::: GIVEN RECORDS :::
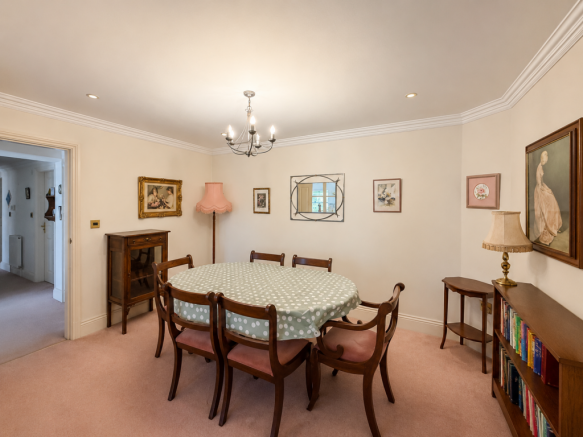 2 bed Apartment for sale Image 5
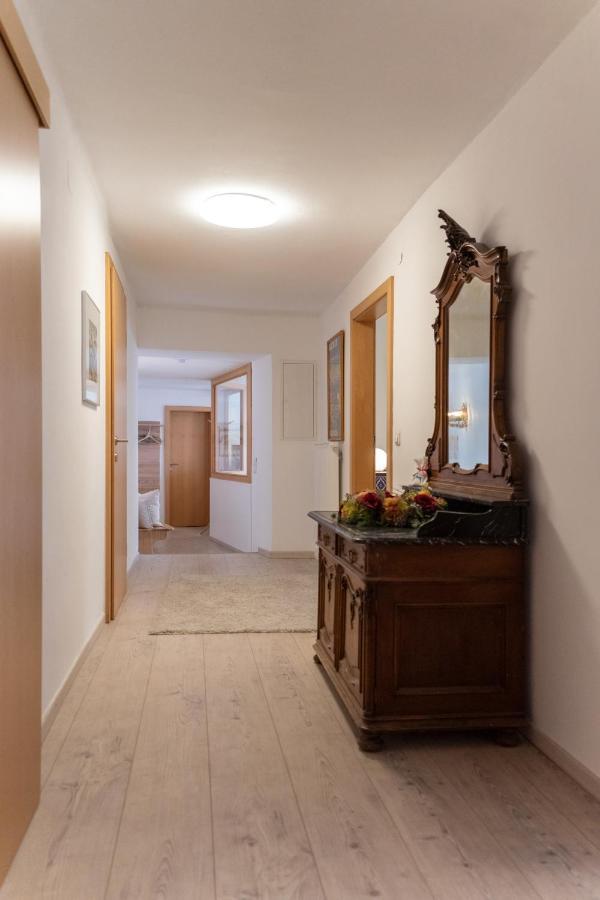 Modern Apartment In The City Center Of Bad Ischl Buitenkant foto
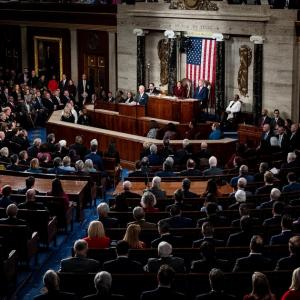 Les républicains mordent la main tendue de Biden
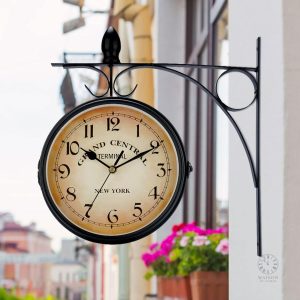 Horloge de gare double face élégante et fonctionnelle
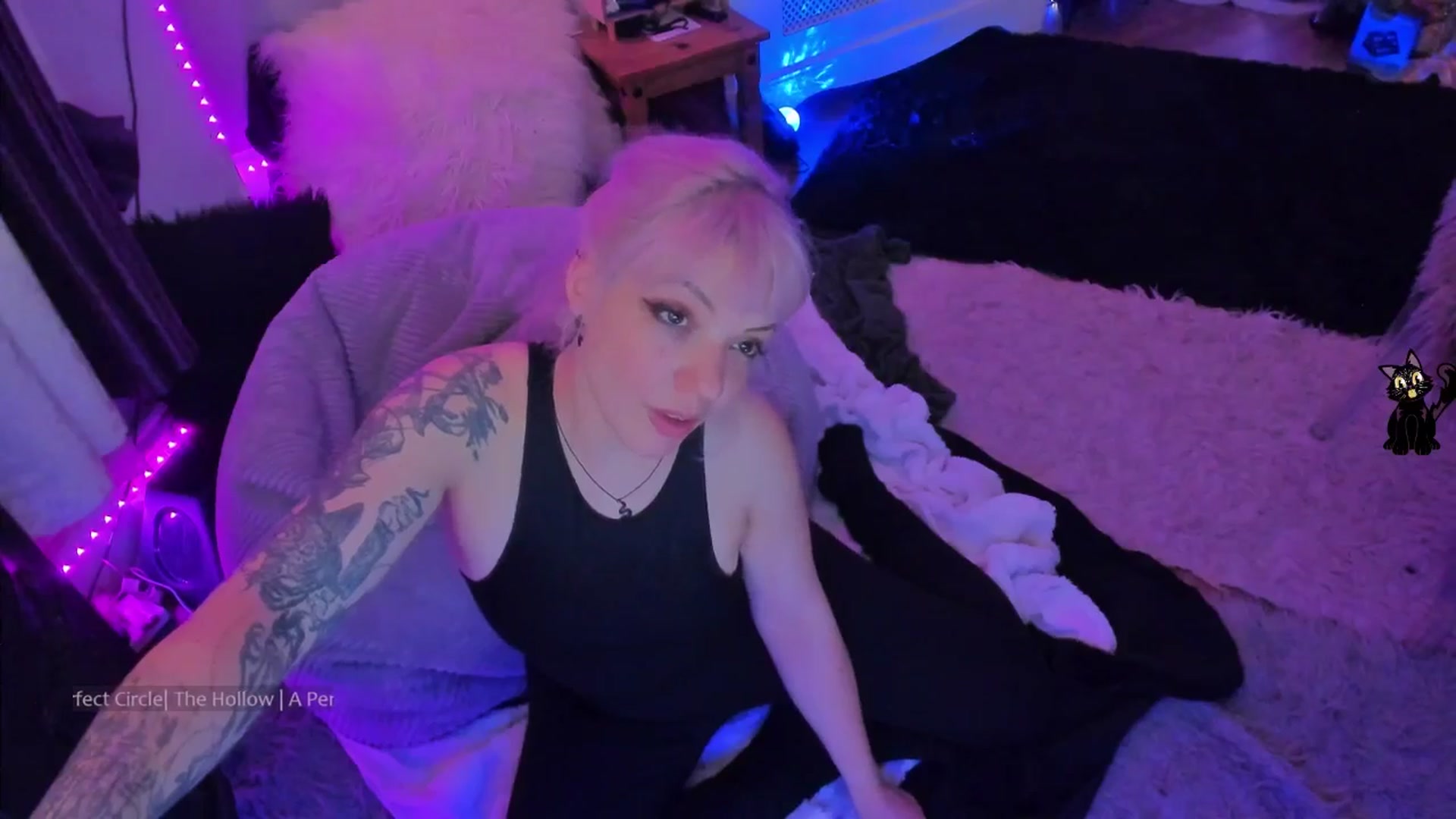Gallery image thumbnail from LunaWolfie's myfreecams stream on, 01/10/2026, 20:44 image 17 of 20
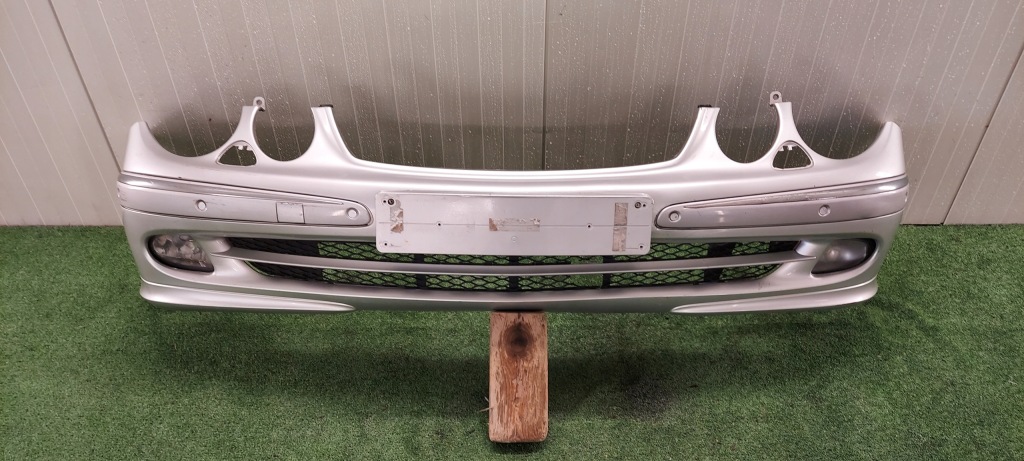 фото №1, Бампер перед mercedes e-klasa w211 оригинал lak: 775 k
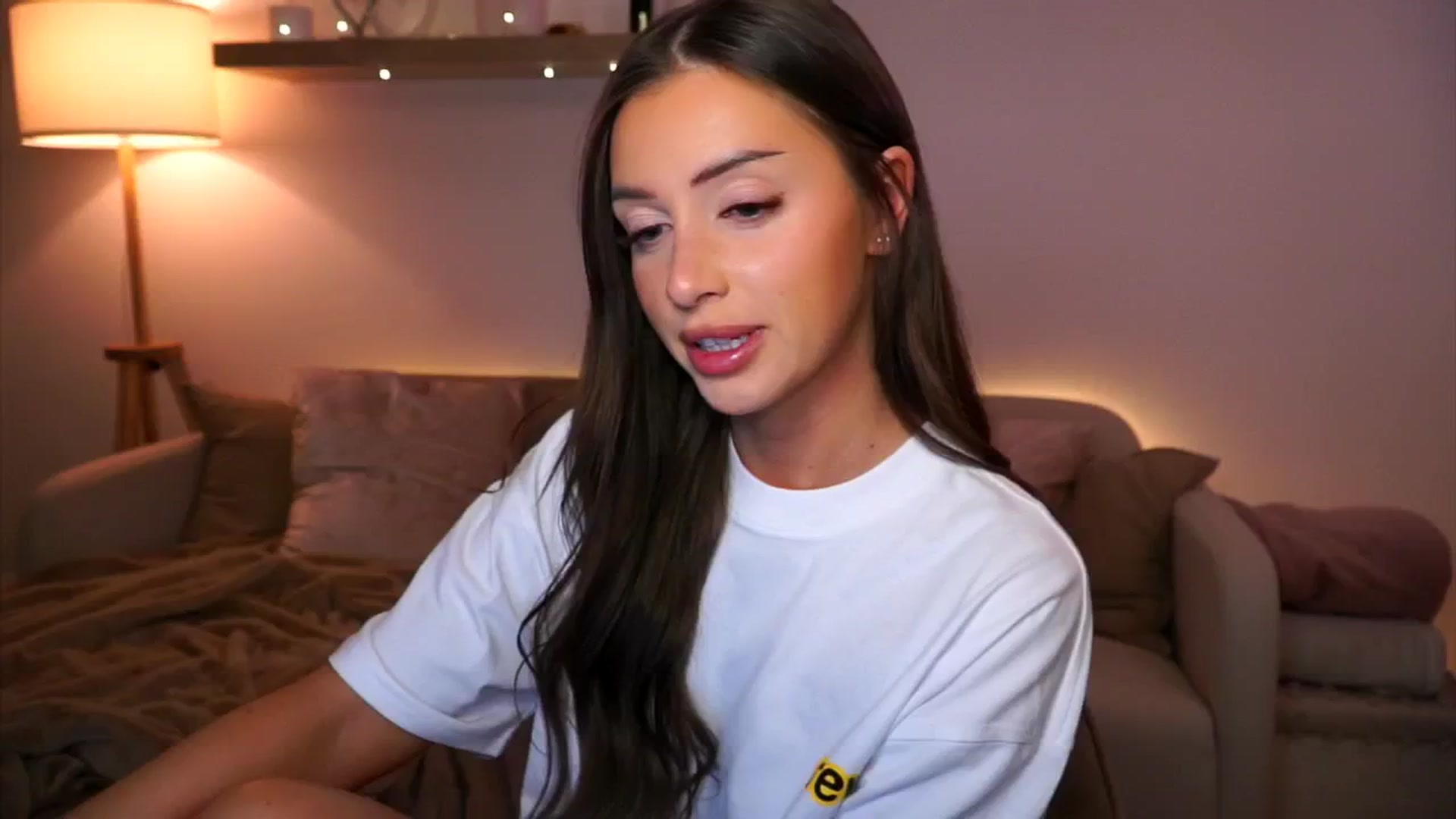 Gallery image thumbnail from Its_Ana's myfreecams stream on, 12/02/2024, 22:21 image 3 of 20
:::
PROBLEM TO WORK ON: The required output is each line above restated verbatim, with all images omitted.

SOLUTION TO THIS PROBLEM:
 2 bed Apartment for sale Image 5
 Modern Apartment In The City Center Of Bad Ischl Buitenkant foto
 Les républicains mordent la main tendue de Biden
 Horloge de gare double face élégante et fonctionnelle
Gallery image thumbnail from LunaWolfie's myfreecams stream on, 01/10/2026, 20:44 image 17 of 20
 фото №1, Бампер перед mercedes e-klasa w211 оригинал lak: 775 k
 Gallery image thumbnail from Its_Ana's myfreecams stream on, 12/02/2024, 22:21 image 3 of 20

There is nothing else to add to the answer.